Au cours des prochaines années, beaucoup de choses nous aideront à faire des progrès et à rendre les véhicules électriques plus abordables. Grâce à des recherches intensives, nous prévoyons le doublement de la densité énergétique dans un espace d’installation inchangé, tandis que le coût des batteries diminuera de moitié. Avec l’introduction de la technologie post-lithium-ion, dont les batteries au lithium-soufre sont actuellement les plus prometteuses, la prochaine décennie nous réserve une situation entièrement différente.
Les constructeurs automobiles doivent réduire les émissions de leurs parcs de véhicules à 95 grammes de CO2 par kilomètre d’ici 2020. Combien de voitures électriques Daimler doit-elle vendre pour atteindre cet objectif ?
Nous gardons l’œil fermement fixé sur cet objectif et nous avons franchi une étape énorme dans ce but. Entre 2014 et 2015, nous avons réduit de 6 grammes la moyenne de notre parc de véhicules pour atteindre les 123 g/km. En Europe, notre objectif pour le parc de véhicules MBC est d’environ 100 grammes. Nous augmenterons progressivement le pourcentage de véhicules électriques dans notre parc pour atteindre cet objectif. Chez Daimler, les véhicules électriques se compteront par centaines de milliers d’ici 2020.
Les véhicules propulsés par des moteurs à combustion interne et des batteries seront-ils encore construits sur la même plate-forme ?
Pas exclusivement. Nous sommes en train de créer une architecture spécialisée pour les véhicules purement électriques à batterie, en plus des modèles hybrides et des modèles propulsés par pile à combustible. Voilà une autre indication de notre engagement en matière de mobilité électrique, domaine dans lequel nous investissons beaucoup. Nous sommes convaincus que le marché est prêt. Cette étape aura pour effet d’augmenter considérablement l’attrait et l’utilité des véhicules électriques.

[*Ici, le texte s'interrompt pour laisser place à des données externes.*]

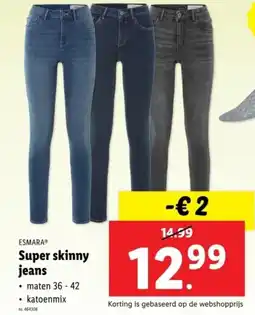 Lidl Esmara super skinny jeans aanbieding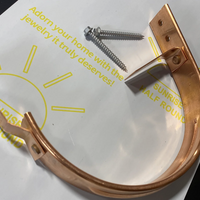 6" Copper Half Round Gutter Hanger | Sunrise Half Round Gutter Bracket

Quel avenir reste-t-il alors aux piles à combustible ?
Il ne fait aucun doute que le groupe motopropulseur à pile à combustible est déjà prêt pour le marché. Nous l’avons déjà prouvé en 2011 avec la Mercedes-Benz F-CELL World Drive. Une chose est claire : la technologie des batteries donnera aussi lieu à une autonomie de plus en plus longue, moyennant des coûts de plus en plus faibles. Cependant, la pile à combustible conservera au moins un avantage évident à l’avenir : une grande autonomie avec un temps de recharge court, de trois minutes à peine. La technologie de l’hydrogène est particulièrement appropriée à la motorisation des autobus, qui font l’objet d’une demande particulièrement forte dans les villes. La perspective d’une circulation routière entièrement libre d’émissions et basée sur l’hydrogène comme source d’énergie est tout à fait réalisable. À l’heure actuelle, le plus grand obstacle reste la mise en place d’une infrastructure de postes de recharge entièrement indépendante. Toutefois, nous restons optimistes grâce aux programmes concrets de construction d’infrastructures dans de nombreux pays, et notamment en Allemagne, par notre projet conjoint H2 Mobilité. Nous ferons une autre déclaration lors du lancement sur le marché de notre nouveau véhicule à pile à combustible basé sur le modèle GLC, en particulier avec la technologie novatrice déjà présente dans nos véhicules de recherche F 125! et F 015. Avec le groupe motopropulseur rechargeable F-CELL, nous augmenterons encore les possibilités.